In the early afternoon, I ask Rocio if we can get some drinking water, and a metal spoon I messed somehow up for my breakfast. That is all I need to add to my supplies. She comes with a new-looking American pickup truck with a friendly military driver, and we drive to town to the local Hyper-market. It is nice to combine my small shopping needs with a bit of a sight seeing tour!
In most streets, all looks to my eyes quite similar to Mexico. Maybe there are plenty more Tuc Tucs, the three-wheeled motorbike-taxis, and even more motor bikes than anywhere else, loaded sometimes with a whole family of four or even five. Cars are surely also there, but not as dominant as in other countries, and they are often parked in “car hotels”, guarded garages. The Hyper-market is also guarded, and the driver has to show some ID to get into the protected square with some other larger shops.
Otherwise, all businesses and services in most streets are done in one-room, garage-size basement shops by one person, rarely they are larger. I find this is quite typical for Latin America, and makes the special flair to me.
Back to the Navy base, I get an interesting sightseeing tour on their two-year old large supply ship, build in Colombia. I remember, in Columbia, their large supply ship were both on the Atlantic and on the Pacific old German ships the Columbians bought from us. This ship here looks very modern in all regards, I get a tour into every room, from the captain’s bedroom over the bridge to the engine room and kitchen. An amazing living space on the water!
On the area, the Navy proudly displays their catch of Narcotraffic vessels, many crazy-looking self-constructed semi-submarines which I already “admired” with the Navy in Columbia, also a remote-controlled drug tornado and endless simple open barges with unallowed loads. It looks like also the Navy of Guatemala is on the watch for the Narco-Traffic, coming mostly from Columbia with goal Mexico or the USA. Metal signs state the $$ value of drugs they confiscated. It is a lot!
Rocio also takes me to their private Navy beach, a “park” for socializing and barbecues. Young people seem to be exercising all day with soccer games, runs or regular parades. Life as a member of the Navy in Guatemala is not the worst to choose for life!
The Commander has once more time for a chat with me, thanks for the friendly reception in his office, which is decorated with endless souvenirs from friendships with other organizations. He presents me a golden medal from the Navy of Guatemala which will get an honorable display space in MY office! Thanks for hosting me so nicely and to look into my needs!

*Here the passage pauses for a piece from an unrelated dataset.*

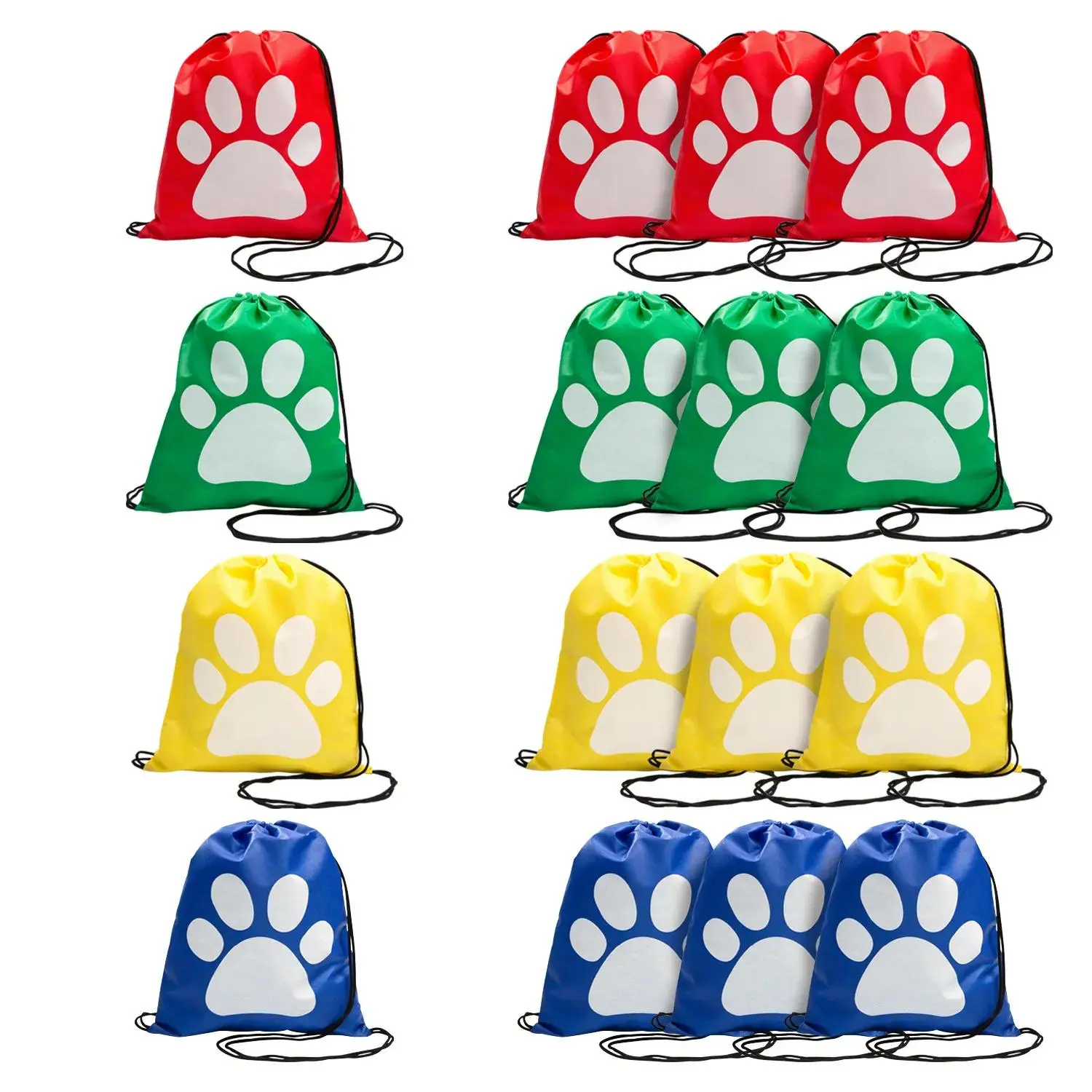 12" x 15" Medium Nonwoven Paw Print Drawstring Bags - 12 Pc.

We consult an officer who might be able to tell us something about my planned inland paddle, but unfortunately, he des not know more than we could google. Rocio found an important note they warn some lengths of the canal is already gown over, and I better check the newer regular Google satellite images, not only my older downloaded ones or my chart. And yes, it does looks like some sections are green rather than water-color. Not sure if I could pass there with my kayak, and as there is no exit in between, I cancel this admittedly tempting idea to get almost to the border via this calm inland-canal system and say the surf good-bye for a while.
Late in the evening at already seven-thirty, Rocio asks for my passport which still needs the exit stamp. Oh, I better should have realized I only got the entry stamp yesterday evening, not both together! A friendly lady named Laura takes care of it in those late evening hours, and I get my passport back before bedtime. Thanks also for your lovely little presents, Laura! Unfortunately, the lovingly-made out of shells small boat would not survive the next weeks in my kayak, and I have to pass on this fragile friendly gift on to Rocio. A small Guatemala-bracelet I am able to keep.
All in all, Guatemala people were treating me so nicely all those last days, thanks! Two and a half more days, then I am already in El Salvador!